▶ [What is expected]: Retype the listing exactly; omit pictures.

▶ [Recorded information]:
=-=-=

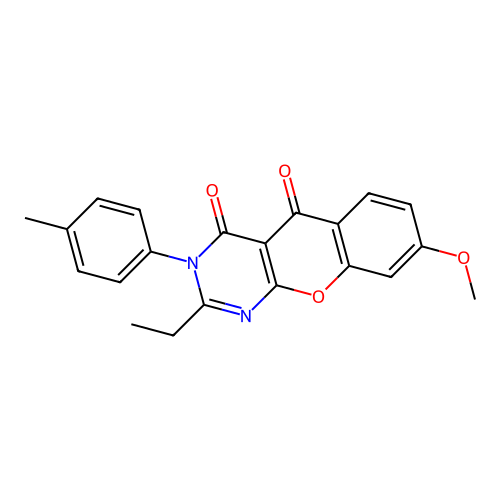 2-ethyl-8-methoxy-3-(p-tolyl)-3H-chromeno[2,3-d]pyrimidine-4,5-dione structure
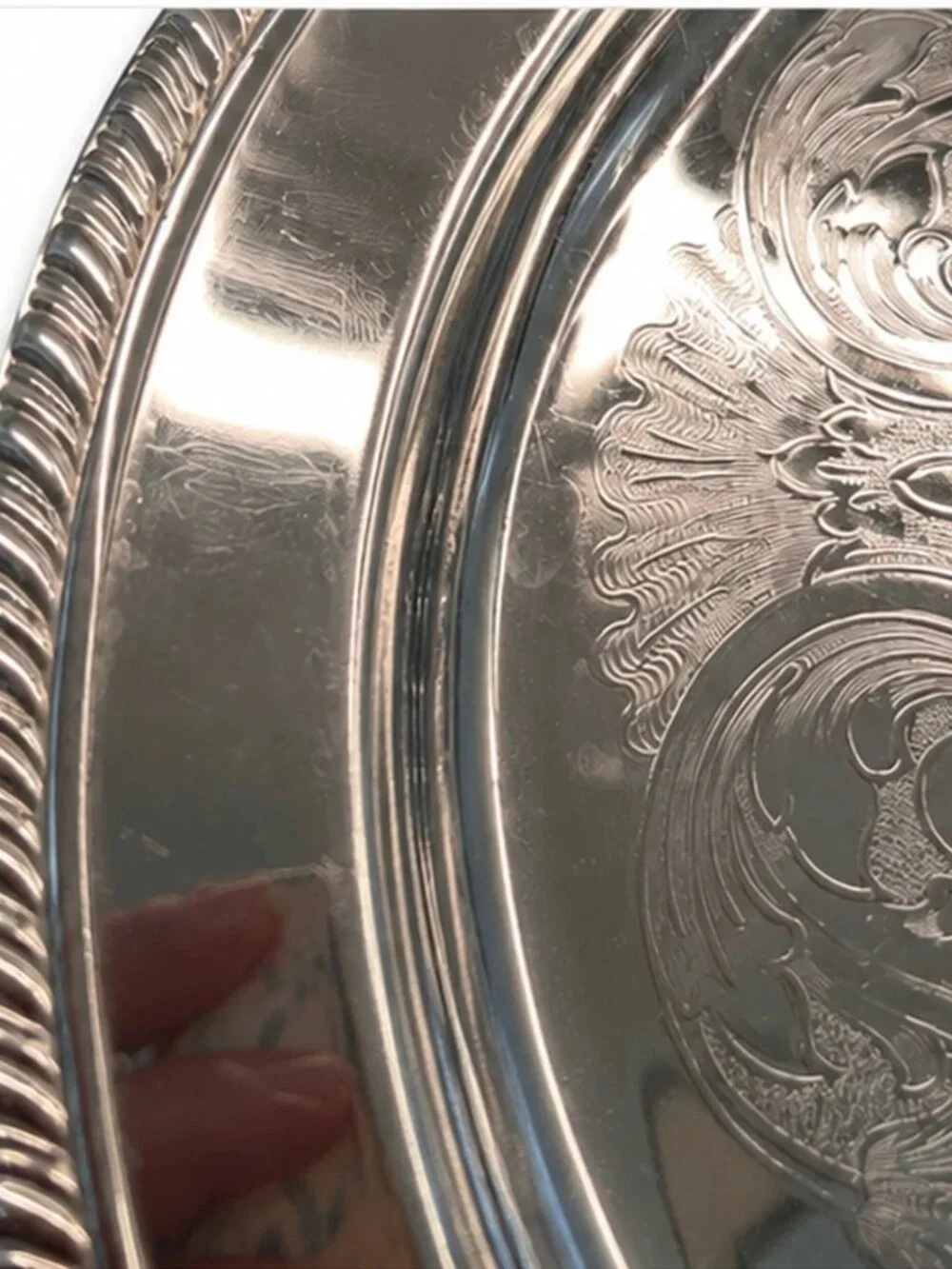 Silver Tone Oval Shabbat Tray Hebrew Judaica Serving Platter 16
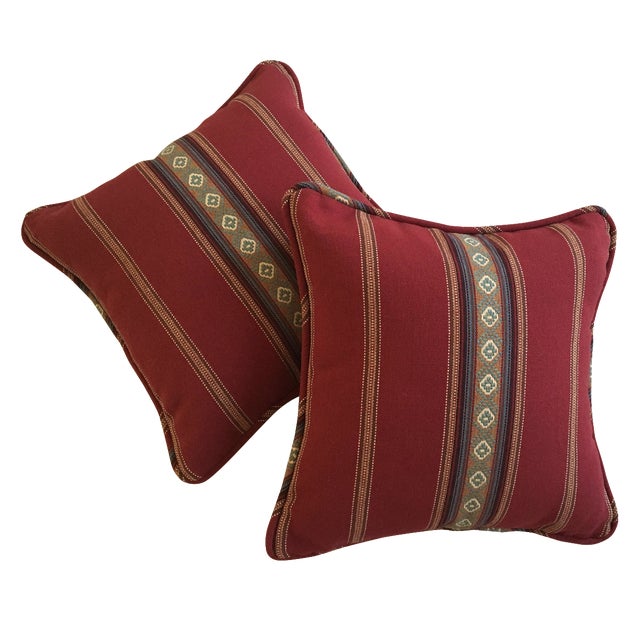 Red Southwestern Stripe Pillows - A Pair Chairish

=-=-=

▶ [Answer to this exercise]:
 2-ethyl-8-methoxy-3-(p-tolyl)-3H-chromeno[2,3-d]pyrimidine-4,5-dione structure
 Silver Tone Oval Shabbat Tray Hebrew Judaica Serving Platter 16
 Red Southwestern Stripe Pillows - A Pair Chairish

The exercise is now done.